Reinforcement Learning Workshop - Call for Participation

Fri Jun 11 13:44:08 EDT 1993

                       LAST CALL FOR PARTICIPATION

           "REINFORCEMENT LEARNING: What We Know, What We Need"

   an Informal Workshop to follow ML93 (10th Int. Conf. on Machine Learning) 
           June 30 & July 1, University of Massachusetts, Amherst

Reinforcement learning is a simple way of framing the problem of an
autonomous agent learning and interacting with the world to achieve a goal.
This has been an active area of machine learning research for the last 5
years. The objective of this workshop is to present concisely the current
state of the art in reinforcement learning and to identify and highlight
critical open problems.

The intended audience is all learning researchers interested in reinforcement
learning. The first half of the workshop will be mainly tutorial while the
second half will define and explore open problems. The entire workshop will
last approximately one and three-quarters days. It is possible to register
for the workshop but not the conference, but attending the conference is
highly recommended as many new RL results will be presented in the
conference and these will not be repeated in the workshop. Registration
information is given at the end of this message.

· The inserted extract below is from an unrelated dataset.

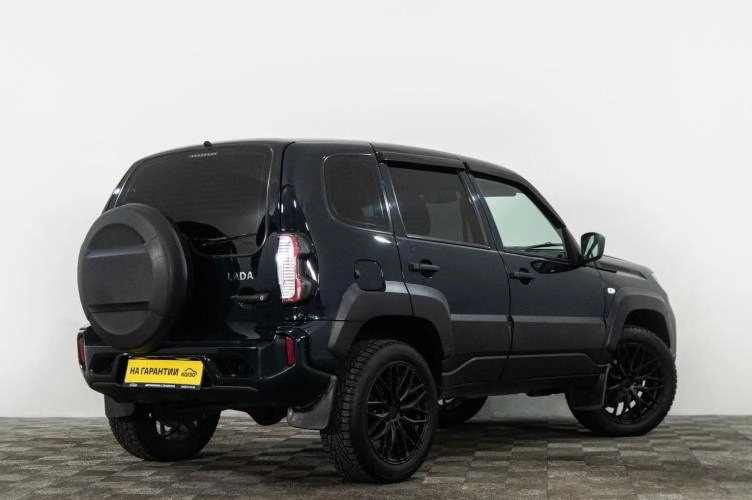ВАЗ (LADA) Niva Travel 6 из 6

Program Committee: Rich Sutton (chair), Nils Nilsson, Leslie Kaelbling,
Satinder Singh, Sridhar Mahadevan, Andy Barto, Steve Whitehead

............................................................................

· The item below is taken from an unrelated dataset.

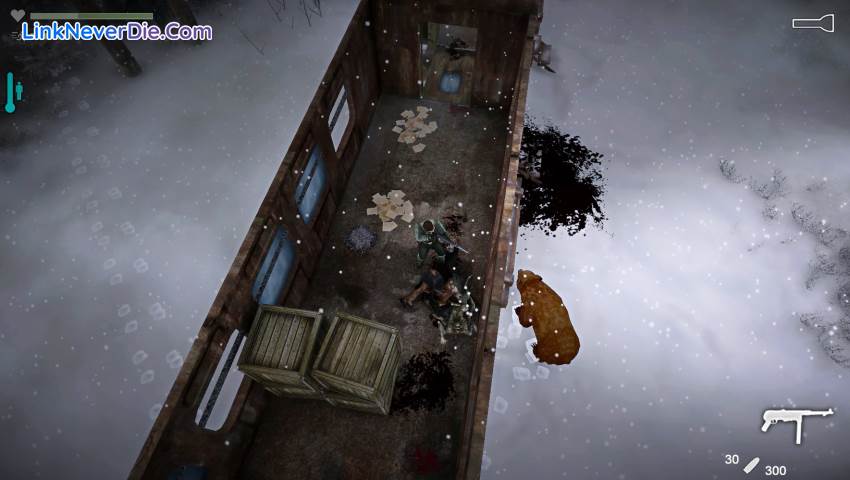Hình ảnh trong game Frozen State (screenshot)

                           PROGRAM INFORMATION

The following draft program is divided into "sessions", each consisting of a
set of presentations on a single topic. The earlier sessions are more "What
we know" and the later sessions are more "What we Need", although some of
each will be covered in all sessions. Sessions last 60-120 minutes and are
separated by 30 minute breaks. Each session has an organizer and a series of
speakers, one of which is likely to be the organizer herself. In most cases
the speakers are meant to cover a body of work, not just their own, as a
survey directed at identifying and explaining the key issues and open
problems. The organizer works with the speakers to assure this (the organizer
also has primary responsibility for picking the speakers, and chairs the
session). 

*****************************************************************************
PRELIMINARY SCHEDULE:

June 30:

 9:00--10:30    Session 1: Defining Features of RL
10:30--11:00    Break
11:00--12:30    Session 2: RL and Dynamic Programming
12:30--2:00     Lunch
 2:00--3:30     Session 3: Theory: Stochastic Approximation and Convergence
 3:30--4:00     Break
 4:00--5:00     Session 4: Hidden State and Short-Term Memory

July 1:

 9:00--11:00    Session 5: Structural Generalization: Scaling RL to Large
State Spaces
11:00--11:30    Break
11:30--12:30    Session 6: Hierarchy and Abstraction
12:30--1:30     Lunch
 1:30--2:30     Session 7: Strategies for Exploration
 2:30--3:30     Session 8: Relationships to Neuroscience and Evolution

*****************************************************************************
PRELIMINARY PROGRAM

---------------------------------------------------------------------------
Session 1: Defining Features of Reinforcement Learning
Organizer: Rich Sutton, rich at gte.com

"Welcome and Announcements" by Rich Sutton, GTE (10 minutes)
"History of RL" by Harry Klopf, WPAFB (25 minutes)
"Delayed Reward: TD Learning and TD-Gammon" by Rich Sutton, GTE (50 minutes)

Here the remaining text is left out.